Google wrote on the webmaster central blog in June of the Caffeine release:
Caffeine lets us index web pages on an enormous scale. In fact, every second Caffeine processes hundreds of thousands of pages in parallel. If this were a pile of paper it would grow three miles taller every second. Caffeine takes up nearly 100 million gigabytes of storage in one database and adds new information at a rate of hundreds of thousands of gigabytes per day. You would need 625,000 of the largest iPods to store that much information; if these were stacked end-to-end they would go for more than 40 miles.
And that is just for today’s World Wide Web. Back in the early 2000′s, for those of us that remember, the Google index was rebuilt every month and had code names. In subsequent years Google started updating the index more frequently to once a day and then once an hour.
Now, in this latest release, the index is being updated constantly – every 10 seconds as Peter Norvig stated in March. It also sounds like their previous indexing system was tiered or layered — causing some layers to become as much as 2 weeks old before being updated.
Well, if you’re working on the indexing system so heavily then you can imagine some of the necessary infrastructure updates to support the new indexing system’s requirements.
GFS2 aka Colossus
The original Google File System is about 10 year old now and the biggest bottleneck has been known for some time: a single-master.

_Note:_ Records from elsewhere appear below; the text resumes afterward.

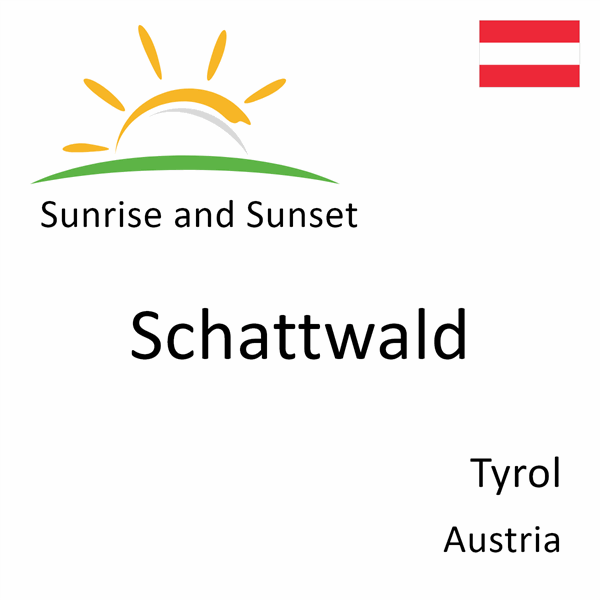 Sunrise and sunset times for Schattwald, Tyrol, Austria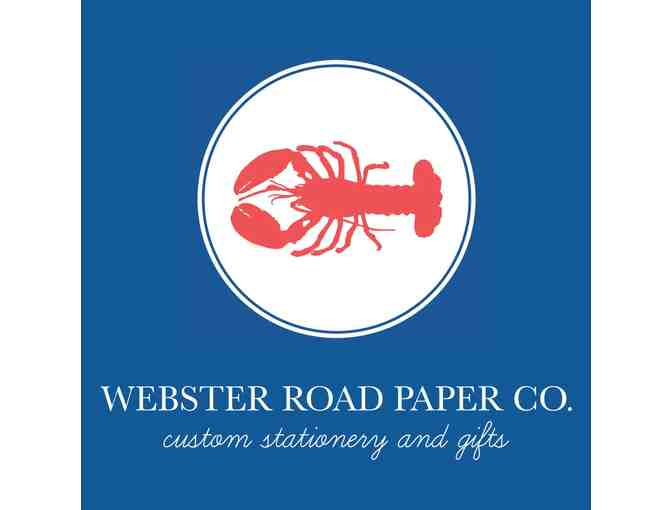 Custom-Made Stationary from Webster Road Paper Co.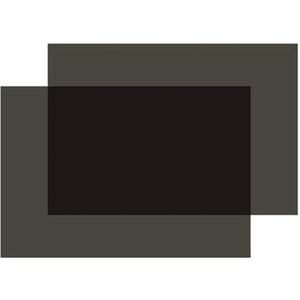 Adhesive Linear Polarizing Film Sheets – 2 Pack (20×30cm)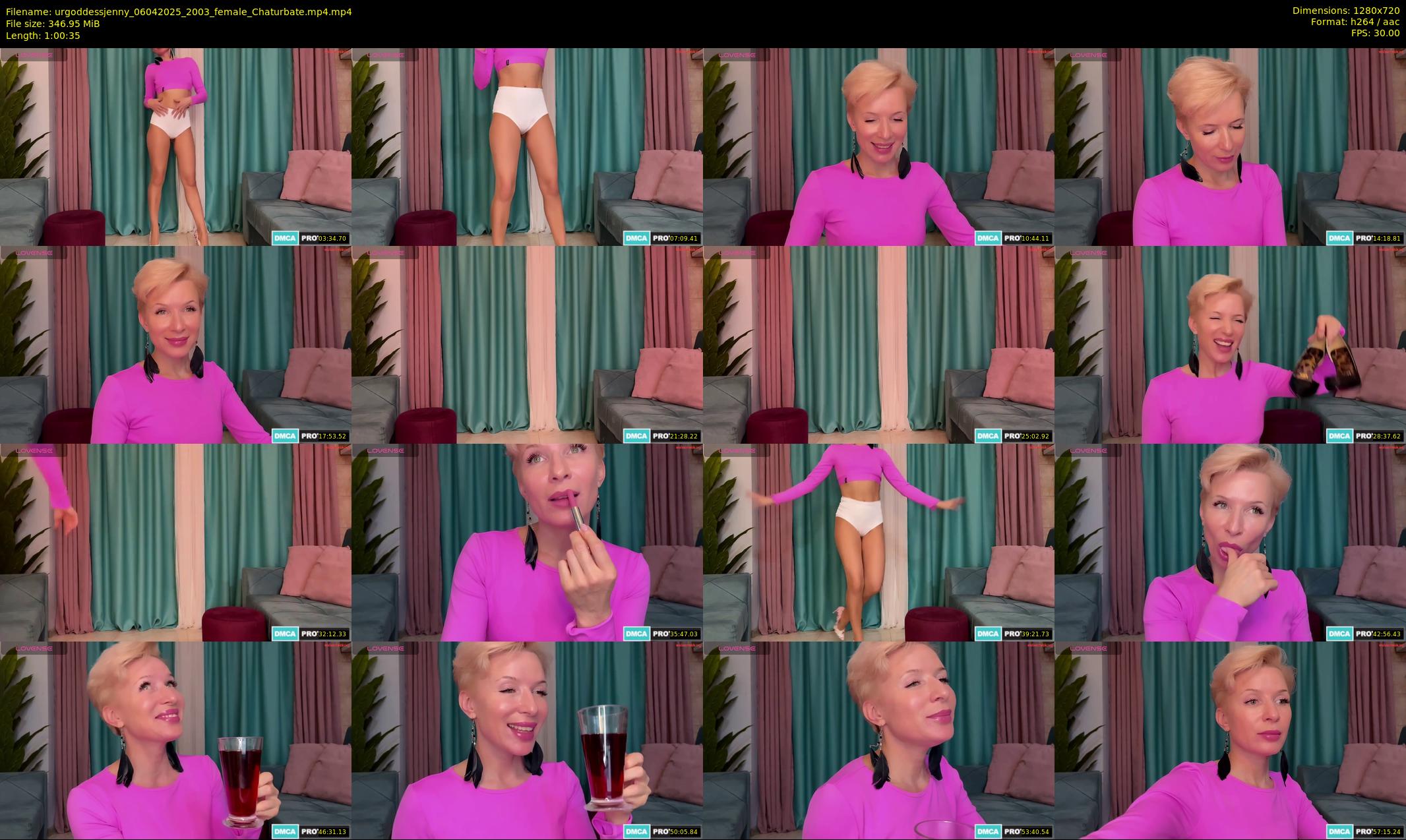 urgoddessjenny — 61 minute Chaturbate female cam show recording, 720p, Apr 6, 2025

Sometimes the shortest path to solving today’s business problem is by deferring other decisions to the future.
Sean Quinlan of Google states in an interview with ACM:
The decision to build the original GFS around the single master really helped get something out into the hands of users much more rapidly than would have otherwise been possible.
The new file system implementation breaks away from having a single-master in favor of distributed masters and distributed slave nodes for managing the file system. It really sounds like the new approach in GFS2 looks to design principals from large implementations of LDAP (Active Directory): where response time can be improved by stragetgic deployments of more slaves and masters — not to mention fault-tolerance. That provides redundancy and improves performance. The new implementation also relies more heavily on BigTable to store and retrieve node information.
Constant Improvement
The success of a software project is not determined by its initial success.
Imagine if Google had stopped at online advertising and called it a day. There would be no Answers, no Gmail, no Google News, no Webmaster Tools, no Maps, no Blogger, no Calendar, no Talk, no Docs, no Picasa purchase, no YouTube purchase, no Analytics, no Voice (GrandCentral), no Checkout, no Android, no Google Code, no App Engine, no Base, no Google Tablet, no …
Successful software projects have good management who understand that success can be only temporary if you’re not constantly improving.